This opening passage captures the magic of this book, and also sets out some of the rules of the Fiskiverse. Although there are no common characters or worlds (apart from an explicit sequel, see below), they all have a sense that children have a democratic role in understanding whatever strange phenomenon has emerged; they can perceive it better and see goods and evils about that that elude adults. The wonders are also straining the edge of language (“trillion” – just beyond the biggest number anyone could imagine a use for; not featuring regularly in TV economic news reports about national debt until many years later). The phenomenon has a nature just within grasp of a quasi-scientific explanation that brainy kids could think up, but then they’d begin to realise the limitations of their theory, even if it satisfied their elders.
Scott never spoke about his ideas and inventions, not even to his father. He was, after all, a schoolboy. Why should his father, a grown man, be interested in schoolboy ideas? In fact, his interests were shared by only one other person – Bem. But Bem was younger than Scott and also perhaps a smaller-minded person. Bem had an ‘old’ mind, Scott had an ageless mind. So Scott was really alone with his extraordinariness.
…But when the Trillions came, everything about him and around him became complicated. For the Trillions were very extraordinary indeed and it was to take more than ordinary ways of thinking and acting to deal with them.
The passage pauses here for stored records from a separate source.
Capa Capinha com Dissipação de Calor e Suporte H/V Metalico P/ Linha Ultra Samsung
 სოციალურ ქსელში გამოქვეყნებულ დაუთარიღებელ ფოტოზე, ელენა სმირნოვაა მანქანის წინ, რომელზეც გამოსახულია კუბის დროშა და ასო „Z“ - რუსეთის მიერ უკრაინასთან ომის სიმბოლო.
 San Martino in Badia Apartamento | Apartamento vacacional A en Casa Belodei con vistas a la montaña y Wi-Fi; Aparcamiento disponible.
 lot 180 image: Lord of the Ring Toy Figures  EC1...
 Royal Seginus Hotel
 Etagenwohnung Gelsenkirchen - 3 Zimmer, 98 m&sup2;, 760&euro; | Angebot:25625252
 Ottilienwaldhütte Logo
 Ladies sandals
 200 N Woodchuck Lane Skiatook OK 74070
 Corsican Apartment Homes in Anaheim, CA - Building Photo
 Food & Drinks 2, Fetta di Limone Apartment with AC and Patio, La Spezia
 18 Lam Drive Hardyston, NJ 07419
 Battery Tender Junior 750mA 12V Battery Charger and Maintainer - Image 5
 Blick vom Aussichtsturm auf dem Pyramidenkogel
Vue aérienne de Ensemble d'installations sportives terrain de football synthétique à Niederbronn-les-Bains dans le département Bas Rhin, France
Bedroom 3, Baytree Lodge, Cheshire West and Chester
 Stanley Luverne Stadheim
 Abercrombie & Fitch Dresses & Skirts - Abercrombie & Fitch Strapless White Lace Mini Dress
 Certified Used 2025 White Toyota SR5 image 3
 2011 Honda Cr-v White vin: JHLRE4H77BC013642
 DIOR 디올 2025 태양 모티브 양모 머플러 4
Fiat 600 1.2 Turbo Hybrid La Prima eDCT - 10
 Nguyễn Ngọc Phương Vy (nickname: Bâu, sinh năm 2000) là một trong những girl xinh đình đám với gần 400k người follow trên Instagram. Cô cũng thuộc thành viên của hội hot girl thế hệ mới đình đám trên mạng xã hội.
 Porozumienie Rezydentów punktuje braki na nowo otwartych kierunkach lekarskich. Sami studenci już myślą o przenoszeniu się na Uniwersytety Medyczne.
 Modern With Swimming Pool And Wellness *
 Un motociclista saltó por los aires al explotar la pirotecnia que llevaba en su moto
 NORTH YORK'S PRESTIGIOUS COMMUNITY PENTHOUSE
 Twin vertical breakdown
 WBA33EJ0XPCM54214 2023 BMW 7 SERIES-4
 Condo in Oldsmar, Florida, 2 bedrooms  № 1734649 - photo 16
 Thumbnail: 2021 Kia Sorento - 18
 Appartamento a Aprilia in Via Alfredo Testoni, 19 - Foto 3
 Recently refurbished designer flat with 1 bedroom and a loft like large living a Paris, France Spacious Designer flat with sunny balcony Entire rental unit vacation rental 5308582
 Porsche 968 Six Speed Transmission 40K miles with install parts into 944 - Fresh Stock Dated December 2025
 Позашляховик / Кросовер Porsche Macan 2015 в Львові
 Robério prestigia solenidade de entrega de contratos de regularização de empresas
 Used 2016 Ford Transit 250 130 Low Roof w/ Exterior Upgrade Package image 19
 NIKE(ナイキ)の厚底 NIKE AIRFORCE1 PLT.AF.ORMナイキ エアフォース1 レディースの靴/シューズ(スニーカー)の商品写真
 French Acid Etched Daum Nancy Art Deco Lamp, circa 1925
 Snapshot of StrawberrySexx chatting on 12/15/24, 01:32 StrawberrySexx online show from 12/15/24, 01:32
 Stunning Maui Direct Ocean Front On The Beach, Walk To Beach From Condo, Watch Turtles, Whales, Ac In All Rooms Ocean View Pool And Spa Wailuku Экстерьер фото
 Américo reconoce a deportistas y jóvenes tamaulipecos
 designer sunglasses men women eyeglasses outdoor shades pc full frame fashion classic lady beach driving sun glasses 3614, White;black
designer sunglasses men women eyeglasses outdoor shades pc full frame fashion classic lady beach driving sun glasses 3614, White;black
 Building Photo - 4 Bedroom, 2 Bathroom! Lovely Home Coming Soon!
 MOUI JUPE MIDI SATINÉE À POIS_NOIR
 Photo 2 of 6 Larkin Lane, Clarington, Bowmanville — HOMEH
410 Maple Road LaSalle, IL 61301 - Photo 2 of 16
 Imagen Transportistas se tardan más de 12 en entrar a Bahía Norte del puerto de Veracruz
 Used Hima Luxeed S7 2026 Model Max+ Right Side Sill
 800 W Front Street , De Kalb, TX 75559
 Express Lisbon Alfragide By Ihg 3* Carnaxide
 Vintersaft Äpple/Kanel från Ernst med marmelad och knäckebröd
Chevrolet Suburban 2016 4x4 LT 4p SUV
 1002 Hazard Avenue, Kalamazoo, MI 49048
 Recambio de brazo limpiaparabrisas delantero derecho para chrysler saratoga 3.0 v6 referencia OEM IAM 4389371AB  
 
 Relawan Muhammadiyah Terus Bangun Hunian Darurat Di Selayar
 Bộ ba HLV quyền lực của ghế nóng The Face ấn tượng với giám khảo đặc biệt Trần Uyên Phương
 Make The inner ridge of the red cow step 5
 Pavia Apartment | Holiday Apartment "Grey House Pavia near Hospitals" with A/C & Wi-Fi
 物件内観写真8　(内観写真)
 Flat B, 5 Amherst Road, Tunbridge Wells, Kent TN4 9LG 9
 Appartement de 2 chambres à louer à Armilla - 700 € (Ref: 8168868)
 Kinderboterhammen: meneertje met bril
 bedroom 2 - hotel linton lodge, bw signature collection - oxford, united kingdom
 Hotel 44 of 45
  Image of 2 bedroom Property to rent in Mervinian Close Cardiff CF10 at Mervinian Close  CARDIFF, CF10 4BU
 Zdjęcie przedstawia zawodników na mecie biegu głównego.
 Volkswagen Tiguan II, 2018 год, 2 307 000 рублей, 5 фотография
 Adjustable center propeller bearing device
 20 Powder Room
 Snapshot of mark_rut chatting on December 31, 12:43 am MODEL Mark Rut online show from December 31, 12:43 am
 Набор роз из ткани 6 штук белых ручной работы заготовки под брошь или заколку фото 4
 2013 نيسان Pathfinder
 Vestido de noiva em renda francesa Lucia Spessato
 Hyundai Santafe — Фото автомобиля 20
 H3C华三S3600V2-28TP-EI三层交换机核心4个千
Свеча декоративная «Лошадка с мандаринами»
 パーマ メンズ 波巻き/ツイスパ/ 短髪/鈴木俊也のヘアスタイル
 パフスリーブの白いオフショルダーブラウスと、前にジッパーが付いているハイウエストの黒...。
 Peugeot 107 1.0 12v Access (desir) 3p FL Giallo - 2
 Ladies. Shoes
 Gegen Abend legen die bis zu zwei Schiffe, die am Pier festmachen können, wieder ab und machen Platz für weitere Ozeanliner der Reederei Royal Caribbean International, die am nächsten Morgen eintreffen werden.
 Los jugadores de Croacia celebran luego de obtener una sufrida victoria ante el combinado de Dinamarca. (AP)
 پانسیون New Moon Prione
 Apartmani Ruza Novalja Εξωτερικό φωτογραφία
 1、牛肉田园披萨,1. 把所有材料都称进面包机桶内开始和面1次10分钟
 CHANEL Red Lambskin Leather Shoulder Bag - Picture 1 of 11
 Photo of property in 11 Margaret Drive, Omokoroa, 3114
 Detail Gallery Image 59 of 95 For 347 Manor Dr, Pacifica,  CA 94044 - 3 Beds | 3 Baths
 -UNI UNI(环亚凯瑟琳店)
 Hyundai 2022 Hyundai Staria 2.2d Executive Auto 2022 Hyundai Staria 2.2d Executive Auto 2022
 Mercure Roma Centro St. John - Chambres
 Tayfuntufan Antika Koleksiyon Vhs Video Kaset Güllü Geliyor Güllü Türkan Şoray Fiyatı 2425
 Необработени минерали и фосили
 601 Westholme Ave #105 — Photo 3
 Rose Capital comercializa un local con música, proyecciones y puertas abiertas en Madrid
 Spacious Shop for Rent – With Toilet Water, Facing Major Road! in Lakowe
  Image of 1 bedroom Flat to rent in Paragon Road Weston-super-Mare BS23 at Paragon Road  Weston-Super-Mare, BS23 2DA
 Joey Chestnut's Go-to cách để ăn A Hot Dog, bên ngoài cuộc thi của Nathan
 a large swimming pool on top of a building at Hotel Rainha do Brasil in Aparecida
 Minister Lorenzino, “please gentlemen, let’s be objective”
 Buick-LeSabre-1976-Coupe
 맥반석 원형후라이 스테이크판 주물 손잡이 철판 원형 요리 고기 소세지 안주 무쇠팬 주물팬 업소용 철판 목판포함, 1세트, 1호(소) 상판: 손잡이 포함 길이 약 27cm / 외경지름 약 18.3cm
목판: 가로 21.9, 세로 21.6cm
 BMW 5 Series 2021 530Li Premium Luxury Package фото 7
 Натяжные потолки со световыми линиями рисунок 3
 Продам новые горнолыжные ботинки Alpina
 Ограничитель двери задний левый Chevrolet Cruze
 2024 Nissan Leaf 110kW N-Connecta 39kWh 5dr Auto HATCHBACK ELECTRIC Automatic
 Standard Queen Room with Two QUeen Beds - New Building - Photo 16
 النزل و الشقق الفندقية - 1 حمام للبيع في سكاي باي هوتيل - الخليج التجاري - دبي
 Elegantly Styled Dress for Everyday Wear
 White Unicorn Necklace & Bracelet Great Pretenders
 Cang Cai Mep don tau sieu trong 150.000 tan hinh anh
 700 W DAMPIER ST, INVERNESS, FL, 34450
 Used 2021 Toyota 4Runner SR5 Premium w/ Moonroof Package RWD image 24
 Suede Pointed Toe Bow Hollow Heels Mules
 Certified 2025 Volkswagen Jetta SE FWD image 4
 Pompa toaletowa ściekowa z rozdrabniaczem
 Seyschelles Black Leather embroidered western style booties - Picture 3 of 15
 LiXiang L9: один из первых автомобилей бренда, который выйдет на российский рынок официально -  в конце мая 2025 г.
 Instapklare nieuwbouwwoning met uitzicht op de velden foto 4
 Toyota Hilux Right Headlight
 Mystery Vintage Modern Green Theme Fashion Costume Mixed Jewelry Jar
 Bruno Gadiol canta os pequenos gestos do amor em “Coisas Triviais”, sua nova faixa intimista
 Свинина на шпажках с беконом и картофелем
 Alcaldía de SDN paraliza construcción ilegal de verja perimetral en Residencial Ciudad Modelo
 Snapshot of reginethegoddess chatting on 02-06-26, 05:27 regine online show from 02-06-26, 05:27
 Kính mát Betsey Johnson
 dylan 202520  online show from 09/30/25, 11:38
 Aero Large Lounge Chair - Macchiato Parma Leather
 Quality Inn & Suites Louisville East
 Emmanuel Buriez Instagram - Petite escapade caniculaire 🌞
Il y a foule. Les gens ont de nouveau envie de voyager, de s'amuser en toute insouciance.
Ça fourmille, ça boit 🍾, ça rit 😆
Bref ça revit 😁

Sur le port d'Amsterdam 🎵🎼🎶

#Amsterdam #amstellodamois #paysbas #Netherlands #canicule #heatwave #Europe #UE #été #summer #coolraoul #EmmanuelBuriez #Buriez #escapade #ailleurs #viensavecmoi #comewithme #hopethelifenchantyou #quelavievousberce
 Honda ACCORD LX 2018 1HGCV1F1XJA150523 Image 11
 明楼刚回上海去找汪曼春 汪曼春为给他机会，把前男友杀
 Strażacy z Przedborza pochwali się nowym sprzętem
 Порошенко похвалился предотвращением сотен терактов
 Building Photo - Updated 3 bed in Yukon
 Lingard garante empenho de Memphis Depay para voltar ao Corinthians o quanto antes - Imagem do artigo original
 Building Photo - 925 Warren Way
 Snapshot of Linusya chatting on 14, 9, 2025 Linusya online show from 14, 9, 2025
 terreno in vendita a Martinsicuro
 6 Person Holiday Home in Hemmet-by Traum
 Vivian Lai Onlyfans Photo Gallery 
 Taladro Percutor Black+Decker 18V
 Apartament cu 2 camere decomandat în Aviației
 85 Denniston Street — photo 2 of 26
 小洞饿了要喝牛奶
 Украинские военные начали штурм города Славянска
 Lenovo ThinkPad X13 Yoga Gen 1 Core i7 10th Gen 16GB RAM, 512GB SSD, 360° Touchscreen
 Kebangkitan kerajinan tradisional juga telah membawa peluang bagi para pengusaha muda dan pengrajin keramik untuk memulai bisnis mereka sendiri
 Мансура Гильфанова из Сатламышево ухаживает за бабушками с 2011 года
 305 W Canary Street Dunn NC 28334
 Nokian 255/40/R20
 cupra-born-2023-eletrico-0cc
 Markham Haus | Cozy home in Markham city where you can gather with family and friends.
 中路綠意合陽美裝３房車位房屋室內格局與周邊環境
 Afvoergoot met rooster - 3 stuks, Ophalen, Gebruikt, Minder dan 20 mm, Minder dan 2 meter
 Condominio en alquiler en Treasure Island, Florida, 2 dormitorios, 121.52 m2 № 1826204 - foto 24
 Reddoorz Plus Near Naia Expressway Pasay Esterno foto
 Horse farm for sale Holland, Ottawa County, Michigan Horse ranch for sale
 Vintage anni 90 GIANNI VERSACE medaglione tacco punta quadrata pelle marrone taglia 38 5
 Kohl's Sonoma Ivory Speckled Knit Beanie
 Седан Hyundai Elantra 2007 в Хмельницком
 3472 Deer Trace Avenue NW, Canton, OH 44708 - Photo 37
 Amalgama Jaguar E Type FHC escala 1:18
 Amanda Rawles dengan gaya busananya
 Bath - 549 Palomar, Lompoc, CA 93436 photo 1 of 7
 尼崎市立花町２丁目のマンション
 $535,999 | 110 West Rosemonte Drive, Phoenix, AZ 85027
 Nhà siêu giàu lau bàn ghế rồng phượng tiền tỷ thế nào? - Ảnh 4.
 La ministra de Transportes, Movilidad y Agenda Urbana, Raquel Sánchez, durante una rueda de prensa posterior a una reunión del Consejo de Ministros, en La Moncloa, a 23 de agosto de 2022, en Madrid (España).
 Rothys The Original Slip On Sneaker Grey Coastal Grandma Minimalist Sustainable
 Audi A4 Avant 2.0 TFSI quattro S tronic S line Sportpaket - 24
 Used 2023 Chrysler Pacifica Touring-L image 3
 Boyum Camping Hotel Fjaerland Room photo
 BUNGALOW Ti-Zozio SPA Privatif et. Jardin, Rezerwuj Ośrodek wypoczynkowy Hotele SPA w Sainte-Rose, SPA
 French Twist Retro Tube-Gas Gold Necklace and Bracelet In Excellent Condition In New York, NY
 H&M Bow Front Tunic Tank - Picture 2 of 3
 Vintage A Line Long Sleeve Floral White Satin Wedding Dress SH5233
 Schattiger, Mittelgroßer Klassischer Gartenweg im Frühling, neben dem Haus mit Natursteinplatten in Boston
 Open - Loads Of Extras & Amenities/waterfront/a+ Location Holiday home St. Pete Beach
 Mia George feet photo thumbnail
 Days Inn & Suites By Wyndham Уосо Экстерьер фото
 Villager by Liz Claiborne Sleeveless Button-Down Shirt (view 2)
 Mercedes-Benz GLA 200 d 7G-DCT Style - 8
But there are other extraordinary people drawn in to the Trillions situation. There’s sad old Icarus Blythe, the heroic astronaut who survived being marooned in orbit following an accident. He detests being a “human interest” story to reporters who aren’t interested in the truth he learned from his experience.
’That loneliness…’ Icarus went on. ‘I got used to it. They say you can get used to anything. I don’t know. But I got used to my own loneliness after a day or two – or three. I don’t know how long. But then, Scott, something came up that I hadn’t been expecting. I got used to my own loneliness but I found that there was another sort of loneliness I couldn’t get used to. Its loneliness! The loneliness of space itself!
’And that’s when the nightmare really began. I don’t know how to describe this, Scott, but I’ll try. They tell you that space is emptiness, nothingness – the void. They suggest that space, empty space, is something negative. I found it’s not! Space lives, Scott. Nothingness, emptiness, has a life all of its own.’
The mystery deepens and darkens when Scott finds a way to communicate with the Trillions.
’What can we do for you?’ he wrote.
The answer came back as quickly, violently and directly as a blow to the face.
’Hate us’.
The military are of course deployed in the Harbourtown and they insist on using a tactical nuclear weapon (ineffectually) against the underwater structure that the Trillions spontaneously organised themselves into. It’s an international crisis as well once the Trillions start falling and forming all over the planet. Everything is going crazy and the world is heading for self-inflicted mass destruction because of an “invader” who never showed any destructive tendencies. It’ll all end in disaster if it wasn’t for these extraordinary kids who can work it all out – in a downbeat, non-triumphal way, with a strong sense of the tragic history of the homeless Trillions and a psychic link to their desperate loneliness in the void.

Grinny (1973)
Stylistically very different, this is presented as a manuscript prepared by young Timothy Carpenter from the Diary he kept from January 14th to April 24th of some unspecified year – it’s reasonable to assume we are in 1972 or 3, since unfortunately the children are quite familiar with bombs going off in public places, as shown by this image at the start of “Book Two” on April 10th:
…You’re here for something. At the moment, you’re just a sort of suitcase and nobody notices the ticking noise. Later – WHOOMPF! – and people screaming and bleeding, broken glass and blood on the pavement. ‘Oh yes, Officer, I saw this feller with the suitcase sure enough, I saw him plain so I did, but how was I to know….!’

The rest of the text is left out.